Let’s begin with what the “substantial burden” test means under the pre-Smith regime that RFRA restored statutorily. As the Court made clear in Sherbert v. Verner, the question is not limited to whether a law “directly compel[s]” a person to act contrary to his religious beliefs but extends as well to “indirect” burdens. Adell Sherbert was denied unemployment benefits because she refused to work Saturdays. The state was not directly compelling her to work on Saturdays—or to seek employment at all. Nevertheless, as the Court put it:
The [agency] ruling forces her to choose between following the precepts of her religion and forfeiting benefits, on the one hand, and abandoning one of the precepts of her religion in order to accept work, on the other hand. Governmental imposition of such a choice puts the same kind of burden upon the free exercise of religion as would a fine imposed against appellant for her Saturday worship.
It is likewise clear that “substantial” is a very low threshold. In Wisconsin v. Yoder, for example, Jonas Yoder and Wallace Miller, the two fathers who refused to send their children to high school, “were fined the sum of $5 each.”
Employers who violate the HHS mandate, and who thereby fail to provide the coverage HHS deems necessary under Obamacare, incur an annual penalty of roughly $2000 per employee. More precisely, as I understand it, the base penalty is $2000 x (number of full-time employees minus 30), and the base is increased each year by the rate of growth in insurance premiums. So, for example, Belmont Abbey College (one of the two plaintiffs already challenging the HHS mandate), which has 200 full-time employees, is facing an annual base penalty of $340,000. Colorado Christian University (the other plaintiff) has 280 full-time employees and is facing an annual base penalty of $500,000.
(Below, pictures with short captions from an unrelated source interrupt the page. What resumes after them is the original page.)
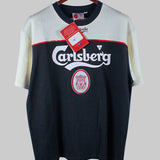Liverpool 1996-97  Trainer Kit w/Tags (L)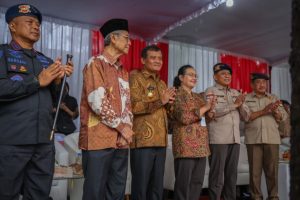 Taman dan Monumen RM Bambang Soeprapto Diresmikan di Semarang, Warisan Sejarah untuk Generasi Muda
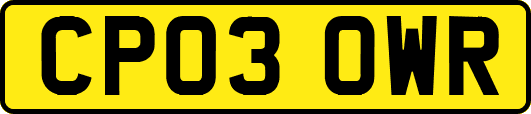 CP03OWR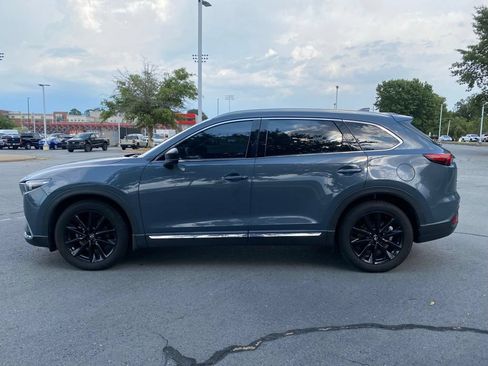Used 2021 MAZDA CX-9 Carbon Edition AWD/4WD image 4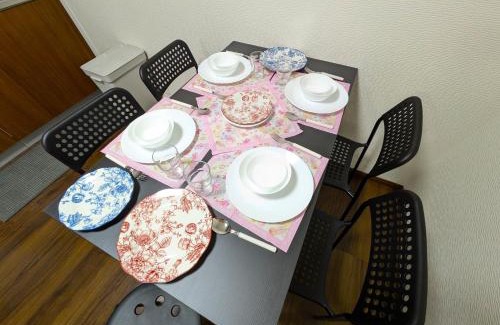 Nagawa Apartment | Nanba southエルメゾン3rd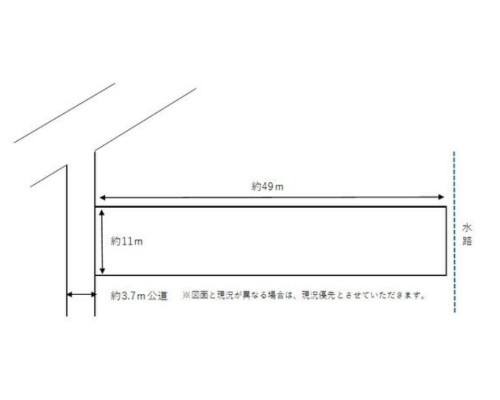 田端 JR相模線[香川駅]の貸地物件の詳細はこちら
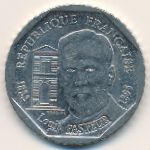 Франция, 2 франка (1995 г.)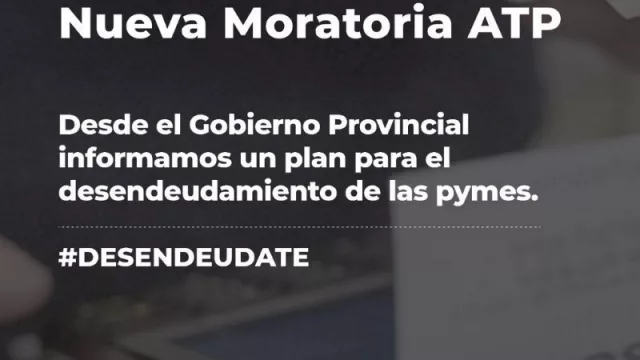La provincia del Chaco lanzó moratoria para empresas afectadas por la pandemia 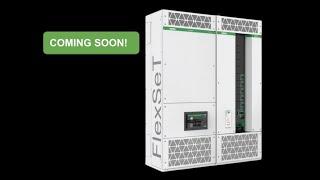 CED HOUSTON: Introducing FlexSeT - The New Generation of LV Switchboards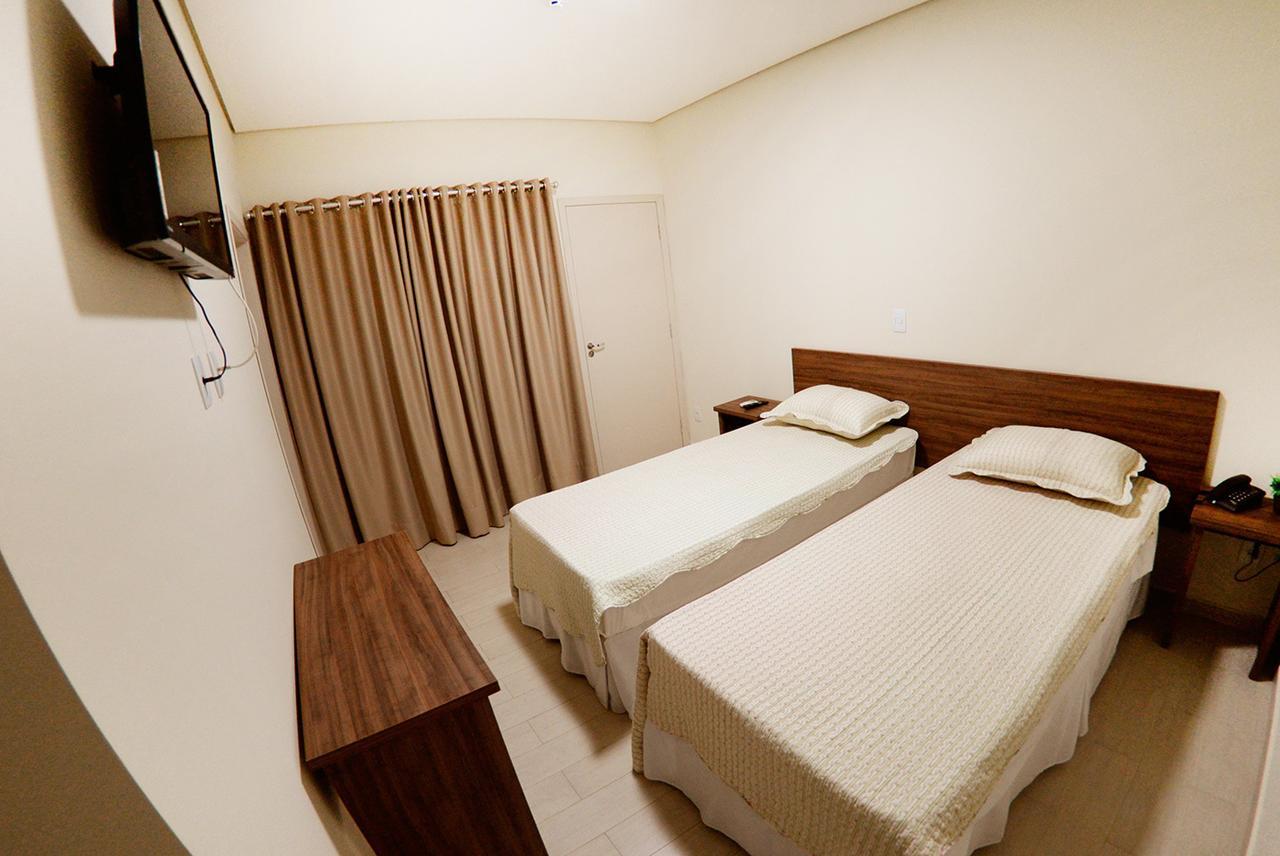 Wanna Hotel Lins Zewnętrze zdjęcie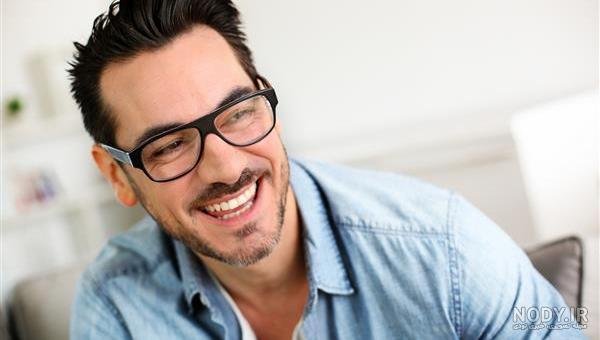 عکس مرد میانسال جذاب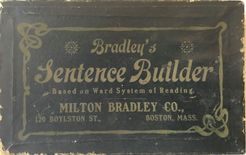 Bradley's Sentence Builder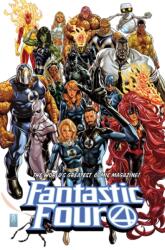 Fantastic Four By Dan Slott Omnibus Vol. 2 (ISBN: 9781302961220)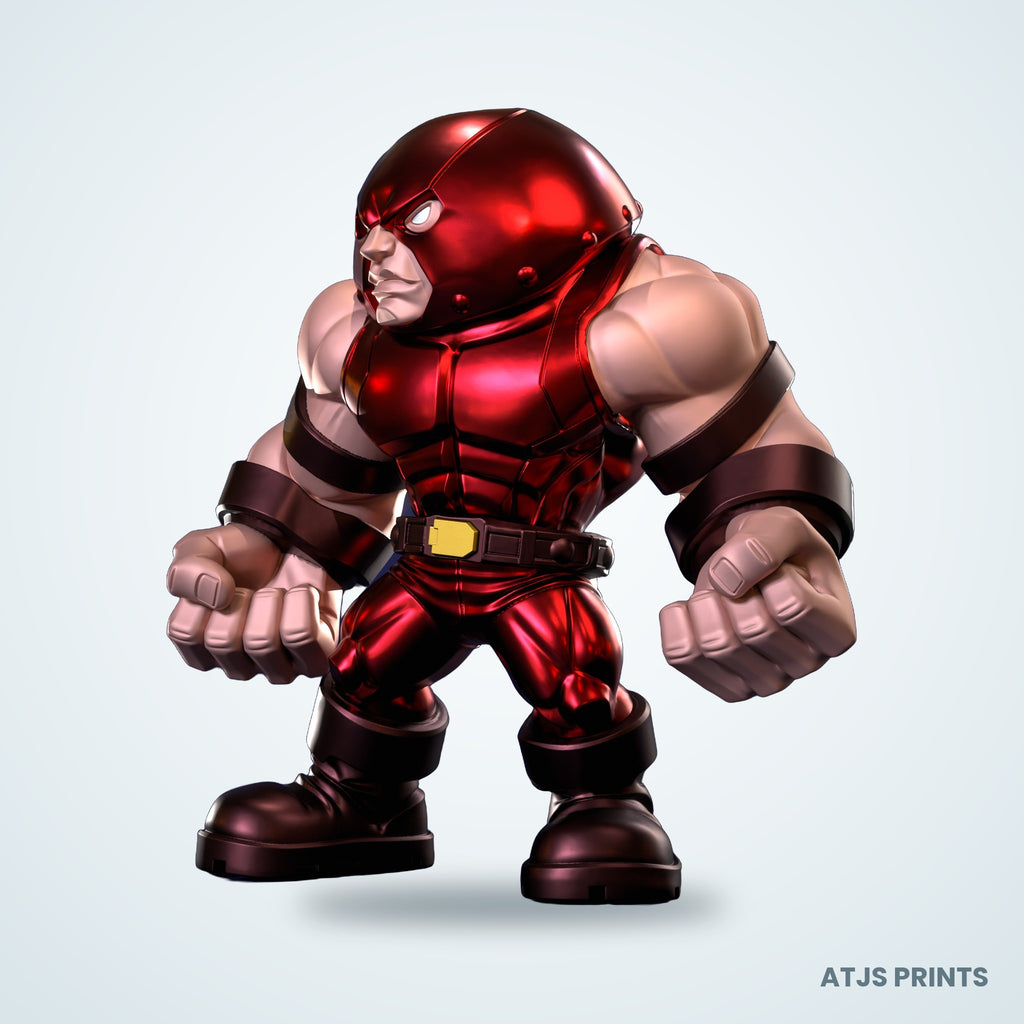 Juggernaut 3D Printed Figure - 12" - view 1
It’s true, of course, that employers who object to the HHS mandate could avoid any fine by shutting down their operations. Likewise, Adell Sherbert could have stayed out of the labor market or worked part-time, and Jonas Yoder and Wallace Miller could have moved their families out of Wisconsin. The availability of that exit option plainly does not negate the “substantial burden” that each is subject to. To apply the Sherbert passage above to the HHS mandate:
The HHS mandate forces Catholic employers to choose between following the precepts of their religion and incurring huge fines, on the one hand, and abandoning one of the precepts of their religion in order to stay in business, on the other hand. Government imposition of such a choice puts the same kind of burden upon the free exercise of religion as would a fine imposed against Catholics for their opposition to contraceptives and abortifacients.